| [![License: MIT](https://img.shields.io/badge/License-MIT-green.svg)](../LICENSE) | [![Python](https://img.shields.io/badge/Python-3.10+-black.svg)](https://www.python.org/) | [![Jupyter](https://img.shields.io/badge/Jupyter-Notebook-red.svg)](https://jupyter.org/) | [![Pandas](https://img.shields.io/badge/Data-Pandas-purple.svg)](https://pandas.pydata.org/) | [![Matplotlib](https://img.shields.io/badge/Plots-Matplotlib-darkgreen.svg)](https://matplotlib.org/) | [![Seaborn](https://img.shields.io/badge/Plots-Seaborn-teal.svg)](https://seaborn.pydata.org/) | [![SciPy](https://img.shields.io/badge/Stats-SciPy-navy.svg)](https://scipy.org/) |
|---|---|---|---|---|---|---|


## Notebook 2 – Exploratory Analysis and Quality Checks  

**LuftDataQC: PM2.5 analysis from NILU API – Skøyen and Furulund (2023)**  
Source: [https://api.nilu.no](https://api.nilu.no)  

---

### EN: Project overview  
**Goal:** Load and transform hourly PM2.5 data, apply exploratory data analysis (EDA), and run quality control checks to identify missing values, gaps, and outliers. Prepare clean datasets for reporting and modeling.  
**Method:** SQLite → pandas → EDA → visual checks → statistical tests → clean export.  
**Tools:** Python (`pandas`, `matplotlib`, `seaborn`, `sqlite3`). 
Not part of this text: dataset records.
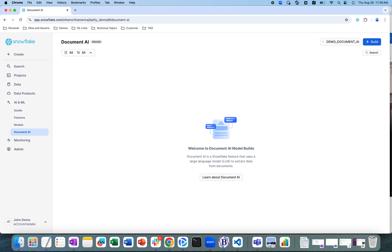What is Document AI? Document AI is a Snowflake AI feature that uses the Arctic Tilt proprietary large language model to extract data from documents. It processes documents of various formats and extracts information from both text-heavy paragraphs and content in graphical form, such as logos, even handwritten text like signatures or check marks. With Document AI you can prepare pipelines for continuous processing of new documents of a specific type, such as invoices or financial statements.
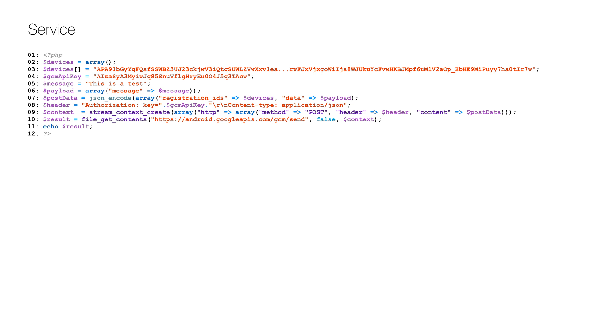To deploy this code to a cloud server, please see some of my previous videos where I show this in detail.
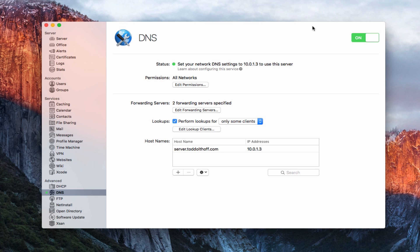This is Todd Oltoff from ToddOltoff.com coming back with another screencast. This week we're going to take a look at the DNS service built into OS X Server. DNS stands for domain name service and is responsible for translating IP addresses into names. For instance, you might have an IP address of 192.168.0.1, and it translates that into www.toddoltoff.com — taking those numbers which are harder to remember and translating them into words that are a lot easier to remember.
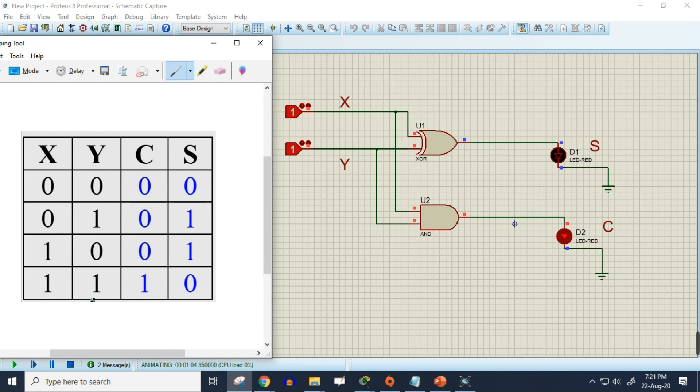So this is how a half adder circuit works. This is how you can actually build a half adder circuit in Proteus simulation software. We have already built it and verified it with our own truth table. Thank you for watching.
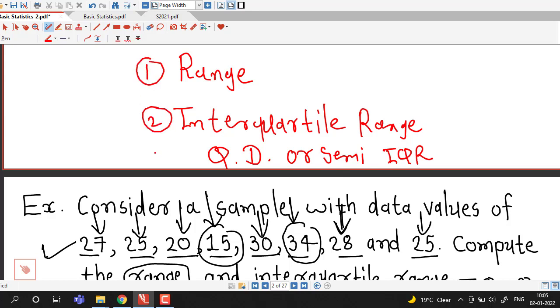We will remember the method of computing these three measures of dispersion. In the next lecture we will continue with measures of dispersion. I hope you like this lecture. Thank you very much.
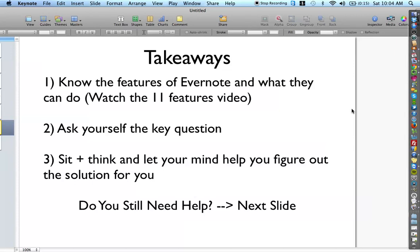Here are the key takeaways. First, know the features of Evernote and what they can do — make sure you watch the 11 features video if you haven't already. Two, ask yourself the key question for every one of the things you want to use Evernote for. Let your mind help you figure out the solution. A lot of people open up Evernote and immediately see a file cabinet, but Evernote is way more than a filing cabinet. It can be structured to help you get more done in less time, be more productive, and have greater peace of mind every day as you go about building your business and managing your life.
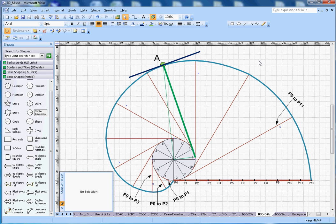That is how you create the involute of a circle. Hopefully you liked this video. If you did, please subscribe to my channel. Thanks for watching!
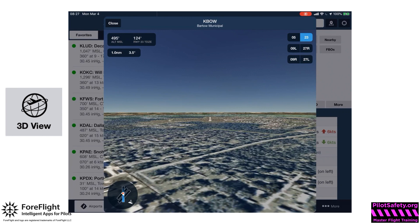The way it picks the glide path is based on the instrument approach to that runway. If you look at the bottom left, you'll notice there's a wind cone, and that agrees with the last reported winds — confirming this is the best runway for the current wind conditions.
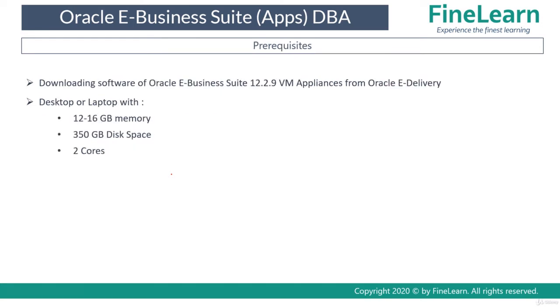So what are the requirements to run this specific VM appliance or virtual machine? You'll be requiring at least 12 to 16 GB memory. Because the virtual machine itself will require 12 to 16 GB, your desktop or laptop should have at least 24 GB, and that is recommended.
### NO: Prosjektoversikt  
**Mål:** Lese og transformere timesvise PM2.5-målinger, gjennomføre utforskende datanalyse (EDA) og utføre Kvalitetskontroll for å oppdage mangler og avvik. Klargjøre datasettet for videre bruk.  
**Metode:** SQLite → pandas → EDA → visuelle sjekker → statistiske tester → eksport.  
**Verktøy:** Python (`pandas`, `matplotlib`, `seaborn`, `sqlite3`). 

---

### Reproducibility — quick reference | Reproduserbarhet — hurtigoversikt  

**Inputs (from Notebook 1):**  
- `data/processed/pm25_2023.sqlite` *(tables: pm25_skøyen, pm25_furulund | tabeller: pm25_skøyen, pm25_furulund)*  

**Outputs (this notebook):**  
- `results/pm25_distribution_box_hist_skøyen_furulund.png` *(Comparative histograms & boxplots | Sammenlignende histogrammer og boksplott)*  
- `results/pm25_monthly_trends_skøyen_furulund.png` *(Seasonal/long-term monthly patterns | Sesongmessige/langsiktige månedsmønstre)*  
- `results/pm25_hourly_trends_skøyen_furulund.png` *(Diurnal variation with mean ± std bands | Døgnvariasjon med gj.snitt ± std-bånd)*  
- `results/pm25_weekday_vs_weekend.png` *(Weekday vs weekend differences | Ukedager vs helg forskjeller)*  
- `results/pm25_trend_rolling_mean_skøyen_furulund.png` *(30-day rolling mean trends | 30-dagers glidende gjennomsnittstrender)*  

**Parameters (this notebook):**  
- **Year** = 2023  
- **Pollutant** = PM2.5  
- **EDA methods** = histogram, boxplot, lineplot, rolling means  
- **Statistical test** = Mann–Whitney U  
- **Export format** = Clean CSVs 

In [None]:
# (EN) Reproducibility parameters and paths
# (NO) Reproduserbarhetsparametere og stier

YEAR = "2023"         
COMPONENT = "PM2.5"   

from pathlib import Path

# Define project paths (relative to /notebooks)
PROJECT_ROOT = Path.cwd().parent
RAW_DIR = PROJECT_ROOT / "data" / "raw"
PROCESSED_DIR = PROJECT_ROOT / "data" / "processed"
RESULT_DIR = PROJECT_ROOT / "results"

# Ensure output folders exist
for folder in [RAW_DIR, PROCESSED_DIR, RESULT_DIR]:
    folder.mkdir(parents=True, exist_ok=True)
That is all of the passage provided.